Statement 12: Define success criteria
Agencies must
Criterion 41: Identify, assess, and select metrics appropriate to the AI system.
Relying on a single metric could lead to false confidence, while tracking irrelevant metrics could lead to false incidents. To mitigate these risks, analyse the capabilities and limitations of each metric, select multiple complementary metrics, and implement methods to test assumptions and to find missing information.
Considerations for metrics includes:
- value-proposition metrics – benefits realisation, social outcomes, financial measures, or productivity measures
- performance metrics – precision and recall for classification models, mean absolute error for regression models, or bilingual evaluation understudy (BLEU) for text generation.
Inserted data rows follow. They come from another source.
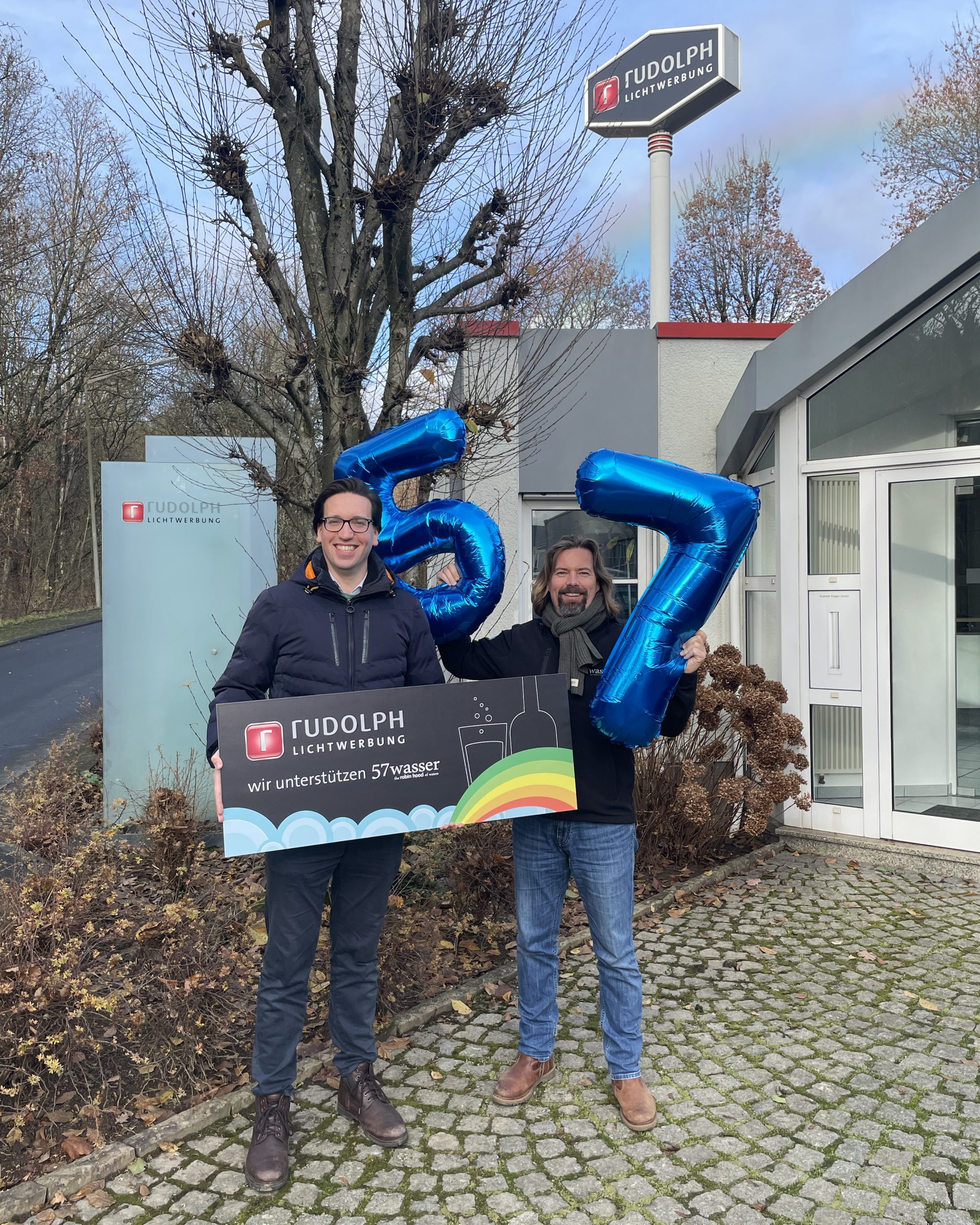 Rudolph Lichtwerbung: Soziales Engagement ist für uns selbstverständlich. 57Wasser unterstützen wir deshalb gerne und stärken so die Gemeinschaft in unserer Region und darüber hinaus.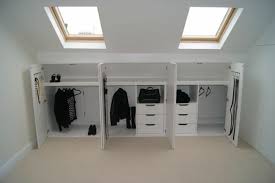 1001 Idee Pour Un Dressing Sous Pente Gain De Place Dressing Sous Pente Dressing Sous Combles Meuble Sous Pente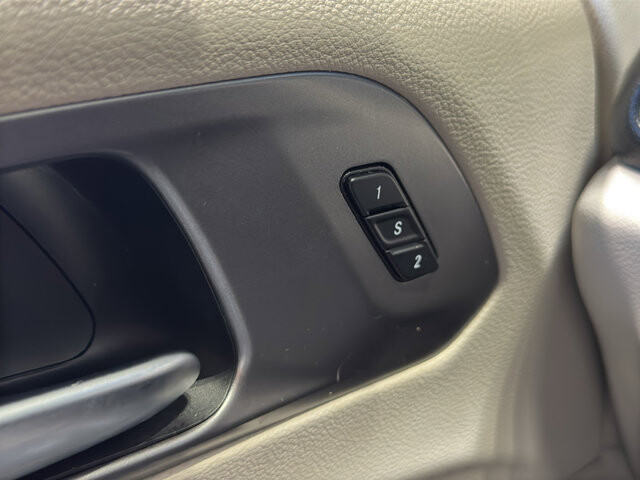 2023 Chrysler Pacifica in Burlington, WI 53105 - 18128389 34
This can include summarisation tasks, inception score for image generation models, or mean opinion score for audio generation
- training data metrics – data diversity and data quality related measures
- bias-related metrics – demographic parity to measure group fairness, fairness through awareness to measure individual fairness, counterfactual fairness to measure causality-based fairness
- safety metrics – likelihood of harmful outputs, adversarial robustness, or potential data leakage measures
- reliability metrics – availability, latency, mean time between failures (MTBF), mean time to failure (MTTF), or response time
- citation metrics – measures related to proper acknowledgement and references to direct content and specialised ideas
- adoption-related metrics – adoption rate, frequency of use, daily active users, session length, abandonment rate, or sentiment analysis
- human-machine teaming metrics – total time or effort taken to complete a task, reaction time when human control is needed, or number of times human intervention is needed
- qualitative measures – checking the well-being of the humans operating or using the AI system, or interviewing participants and observing them while using the AI system to identify usability issues
- drift in AI system inputs and outputs - changes in input distribution, outputs, and performance over time.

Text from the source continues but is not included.